TASK GOAL: Only the lines from the one containing "强推!申请《以闪亮之名》游戏加入养宠人必入清单-第22张图片" through the end of the data below are to be repeated, exactly as given, without pictures.

----- STORED DATA

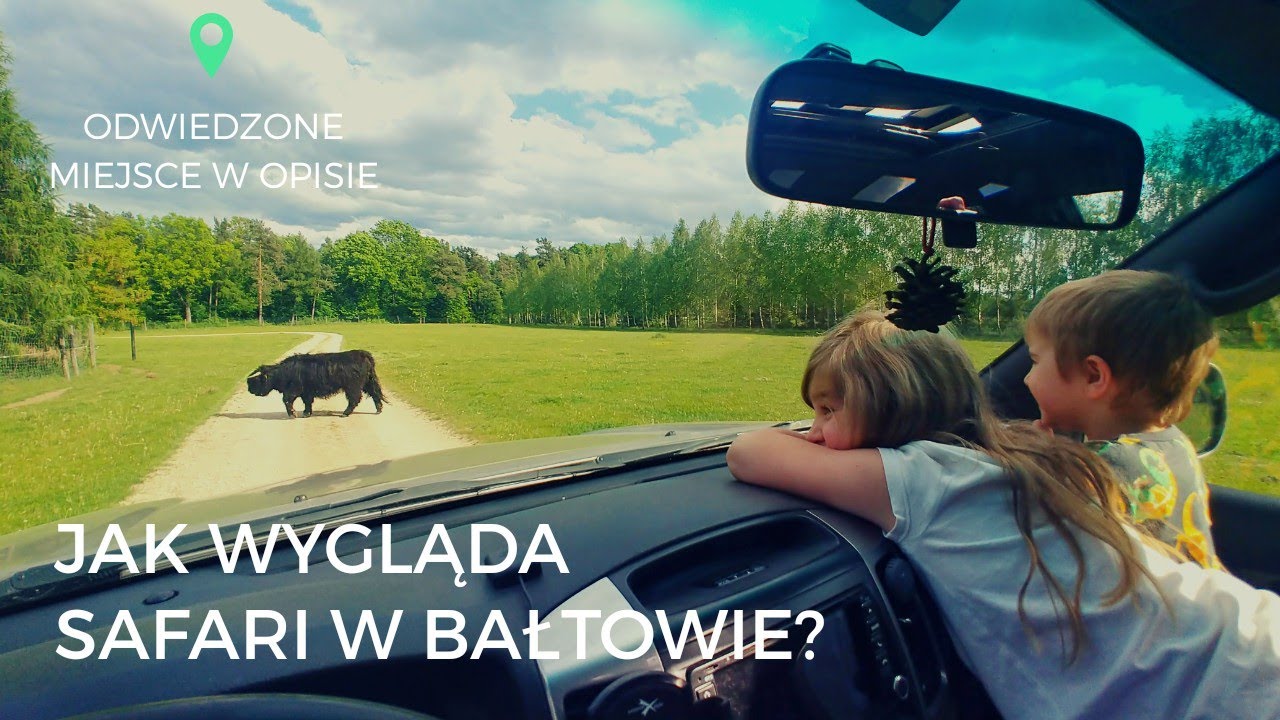 Własnym samochodem przez Bałtowski Zwierzyniec  || BUTAKA TRAVEL FAMILY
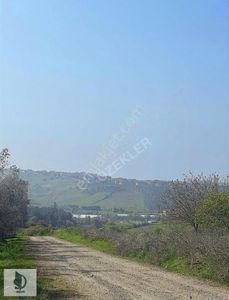 Arsa-Tarla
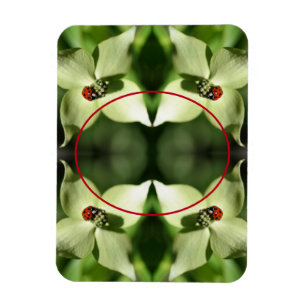 Ladybug auf Dogwood Blume Rahmen hinzufügen Foto Magnet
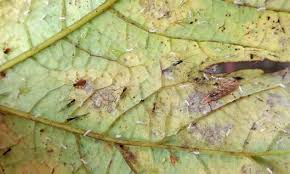 Attēlu rezultāti vaicājumam “Syrphus sp. imago”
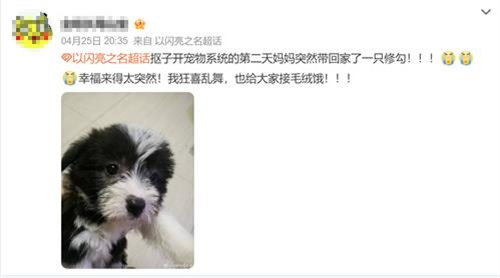 强推!申请《以闪亮之名》游戏加入养宠人必入清单-第22张图片
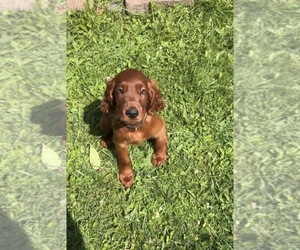 Irish Setter Puppy for sale in ONEONTA, NY, USA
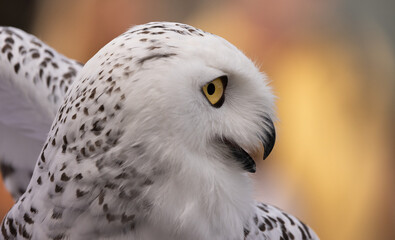 The snowy owl, also known as the Polar, and the Arctic owl it is a large white bird. Females or immatures are white with dark throughout except the face which is always white. A close up head shot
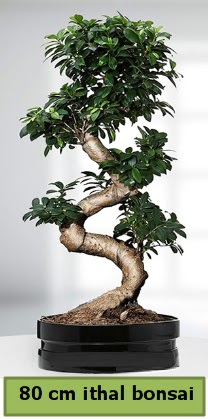80 cm zel saksda bonsai bitkisi  Eskiehir iek siparii vermek 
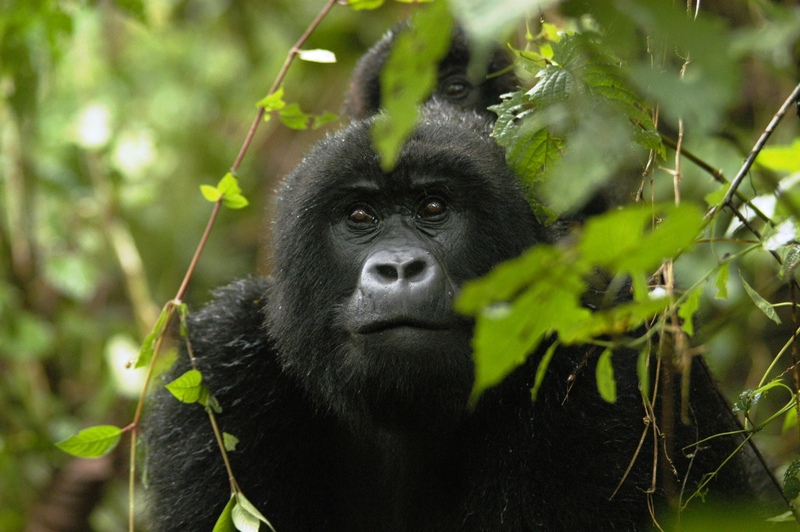 19 - Congo - berggorilla (3)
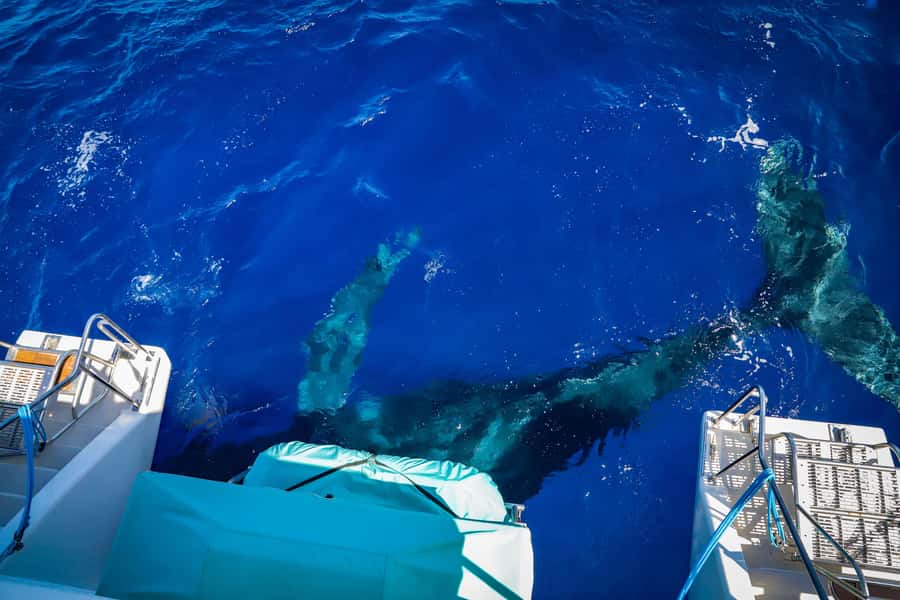 Maui: Ka'anapali Whale Watching Cruise on Luxury Sailboat - Key points at a glance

----------

ANSWER SECTION:
 强推!申请《以闪亮之名》游戏加入养宠人必入清单-第22张图片
 Irish Setter Puppy for sale in ONEONTA, NY, USA
 The snowy owl, also known as the Polar, and the Arctic owl it is a large white bird. Females or immatures are white with dark throughout except the face which is always white. A close up head shot
80 cm zel saksda bonsai bitkisi  Eskiehir iek siparii vermek 
 19 - Congo - berggorilla (3)
 Maui: Ka'anapali Whale Watching Cruise on Luxury Sailboat - Key points at a glance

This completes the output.